3.1. about monotonicity of \(m_\mathcal{H}\) on \(\epsilon\) and \(\delta\) respectively: seems trivial
3.2. about \(\mathcal{H}_{singleton}\): first, you need to come up with a simple learning alg. if no pos samples appear, just choose \(h^-\). this is enough to prove the PAC learnability, as m is large enough, the cost will be small enough
3.3. about \(\mathcal{H}\) consist of disks. similar to the rect situation from this chap, but simpler, ’cause it’s convenient to construct how the bad samples look like
3.4. about \(\mathcal{H}\) consist of boolean conjunctions. similar to 3.2. it’s easy to determine f if \(S\) contains a positive sample. Otherwise, we just return an all-negative hypothesis
3.5. about samples from i. but not i.d. from the derivation of the finite hypo corollary, the key is to deal with \(\prod_i \mathcal{P}_{x\in D_i}(x_i|h(x_i)=f(x_i))\), where the GA mean ineq could be used to make it as \((1-\epsilon)^m\)
3.6. ??, since you added the realizability assumption, it’s naive to have the PAC learnability, maybe?
3.7. about ideally opt sol of binary classification (w.r.t 0-1 loss). see this
3.8.1. same question as above, but use abs loss, and consider probabilistic hypothesis (outputs a distribution instead of the deterministic answer), method from here seems enough?

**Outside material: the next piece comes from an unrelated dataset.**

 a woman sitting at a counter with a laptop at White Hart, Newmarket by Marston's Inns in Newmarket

3.8.2. prove the existence of a learning algo that is better than any others provided \(D\). ??? an algo from God that can directly output \(f\) from the previous question -_-
3.8.3. for every learning algo A from \(D\), there always exists a B and \(D'\) that A is not better than B on \(D\). shit, this is also naive from 3.8.2
3.9. about a variant of PAC learnability, which uses a two-oracle model that allows learner access to \(D^+\) and \(D^-\) on its preference. the learner can actually change the popularity of the observances, e.g. a learner can take samples from both pos and neg with equal probability (I don’t understand here so much, does )

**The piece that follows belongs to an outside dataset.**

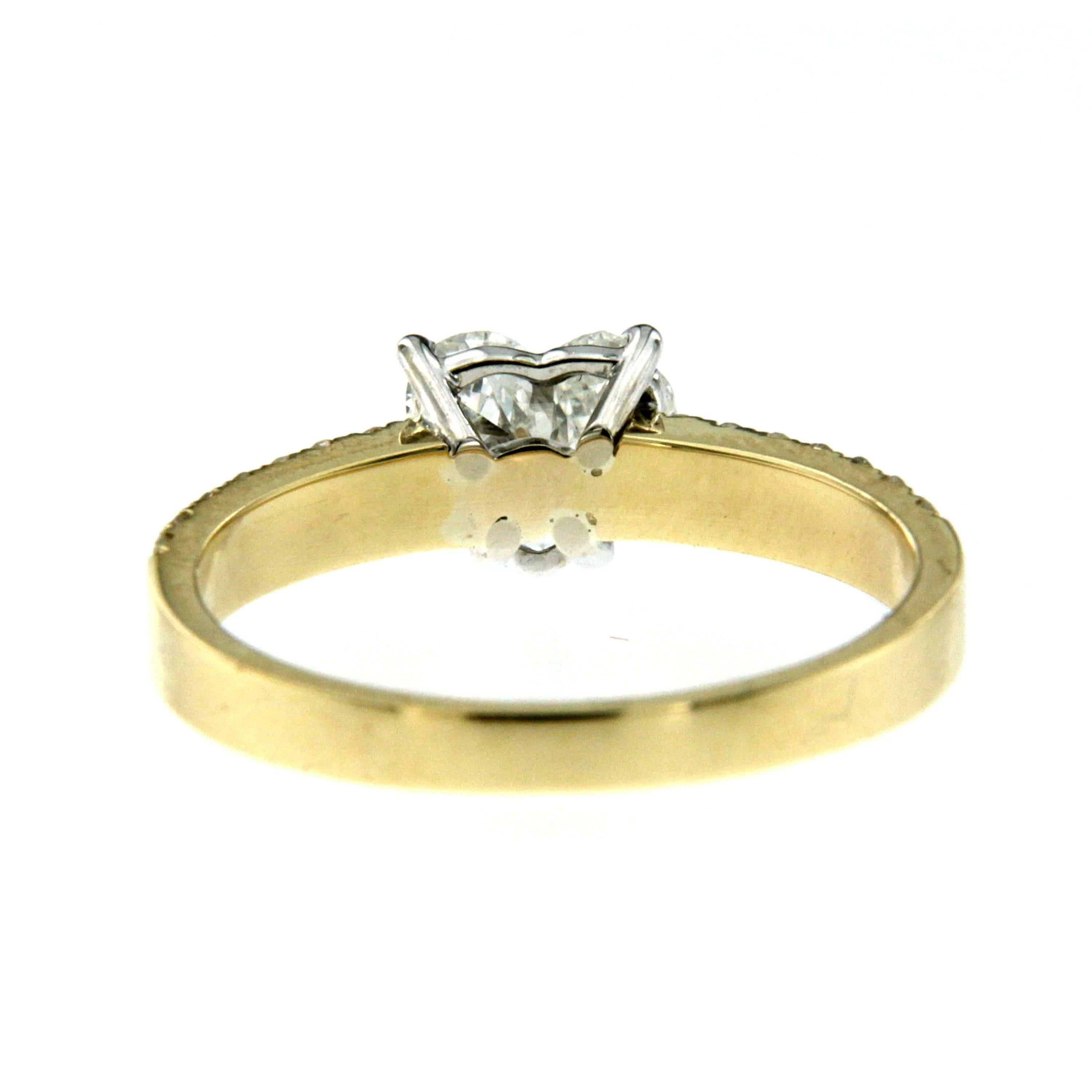 0.70 carat diamond ring on hand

- 1. proof PAC in the standard model \(\implies\) PAC in the two-oracle model. we need to construct a learner from the one in the standard model. suppose the learner puts equal weights on pos and neg samples. It learns a population with equal pos and neg using a standard model. denote the new distribution as \(D'\), so
\[\begin{aligned} L_{D'}(h)&=P_{D'}[h\neq f,f=0]+P_{D'}[h\neq f, f=1]\\ &=P_{D'}[f=0]P_D[h\neq f|f=0]+P_{D'}[f=1]P_D[h\neq f|f=1]\\ &=\frac{1}{2} L_{D^+}(h)+\frac{1}{2}L_{D^-}(h) \end{aligned} \]
- 1. proof PAC in the two-oracle model \(\implies\) PAC in the standard model if \(h^+,h^-\in\mathcal{H}\). if we have enough samples (\(m_H\)), it will contain \(m^+\) pos, and \(m^-\) neg with high prob, and even it fails to have enough pos (or neg), we can just return \(h^-\) ((\(h^+\)) and won’t cost much risk.